[Pacemaker] Postgresql Replication
Andrew Beekhof
andrew at beekhof.net
Wed Sep 18 21:55:10 EDT 2013
On 12/09/2013, at 11:58 PM, Takatoshi MATSUO <matsuo.tak at gmail.com> wrote:
> Hi
>
> 2013/9/12 Eloy Coto Pereiro <eloy.coto at gmail.com>:
>> Hi,
>>
>> Thanks for your help, I use the same example. In this case Kamailio need to
>> start after postgresql. But this is not a problem I think, the replication
>> work ok without corosync. I stop all process and start to work with
>> corosync.
>>
>> When I start corosync I see this log in my slave:
>>
>> Sep 12 16:12:50 slave pgsql(pgsql)[26092]: INFO: Master does not exist.
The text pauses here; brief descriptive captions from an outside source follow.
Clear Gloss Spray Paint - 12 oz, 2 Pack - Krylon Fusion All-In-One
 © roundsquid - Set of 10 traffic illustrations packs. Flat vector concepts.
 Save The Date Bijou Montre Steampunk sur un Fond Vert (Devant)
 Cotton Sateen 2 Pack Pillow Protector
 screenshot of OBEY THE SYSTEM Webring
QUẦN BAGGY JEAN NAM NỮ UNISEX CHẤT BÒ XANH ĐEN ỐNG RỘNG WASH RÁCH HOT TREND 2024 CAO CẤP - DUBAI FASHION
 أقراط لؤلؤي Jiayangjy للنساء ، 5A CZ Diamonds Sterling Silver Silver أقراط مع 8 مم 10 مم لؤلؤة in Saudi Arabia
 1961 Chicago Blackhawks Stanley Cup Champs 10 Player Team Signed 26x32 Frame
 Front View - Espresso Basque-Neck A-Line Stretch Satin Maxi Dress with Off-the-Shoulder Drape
>> Sep 12 16:12:50 slave pgsql(pgsql)[26092]: WARNING: My data is out-of-date.
>> status=DISCONNECT
>
> Did you start PostgreSQL on master(node-name) and it became Master ?
> These logs mean that slave doesn't see Master and slave's data is old.
> (It's confusable to use hostname "master" and "slave")
>
> Please stop pacemaker and erase all configuration and re-load
> original configuration
Seems a bit extreme. There are easier ways to flush out the operation history than that.
> which doesn't have
> ----
> node master \
> attributes maintenance="off" pgsql-data-status="LATEST"
> node slave \
> attributes pgsql-data-status="DISCONNECT"
> ---
> Because Pacemaker records last data status.
>
>> But all data is the same, and If I run the slave server with normal postgres
>> the replication is ok. Any idea?
>>
>> Cheers
>>
>>
>> 2013/9/12 Takatoshi MATSUO <matsuo.tak at gmail.com>
>>>
>>> Hi Eloy
>>>
>>>
>>> 2013/9/12 Eloy Coto Pereiro <eloy.coto at gmail.com>:
>>>> Hi,
>>>>
>>>> I have issues with this config, for example when master is running
>>>> corosync
>>>> service use pg_ctl. But in the slave pg_ctl doesn't start and
>>>> replication
>>>> doesn't work.
>>>>
>>>> This is my data:
>>>>
>>>>
>>>> Online: [ master slave ]
>>>> OFFLINE: [ ]
>>>>
>>>> Full list of resources:
>>>>
>>>> ClusterIP (ocf::heartbeat:IPaddr2): Started master
>>>> KAMAILIO (lsb:kamailio): Started master
>>>> Master/Slave Set: msPostgresql [pgsql]
>>>> Masters: [ master ]
>>>> Stopped: [ pgsql:1 ]
>>>>
>>>> Node Attributes:
>>>> * Node master:
>>>> + maintenance : off
>>>> + master-pgsql : 1000
>>>> + pgsql-data-status : LATEST
>>>> + pgsql-master-baseline : 0000000019000080
>>>> + pgsql-status : PRI
>>>> * Node slave:
>>>> + pgsql-data-status : DISCONNECT
>>>> + pgsql-status : HS:sync
>>>>
>>>>
>>>> In my crm configure show is this:
>>>> node master \
>>>> attributes maintenance="off" pgsql-data-status="LATEST"
>>>> node slave \
>>>> attributes pgsql-data-status="DISCONNECT"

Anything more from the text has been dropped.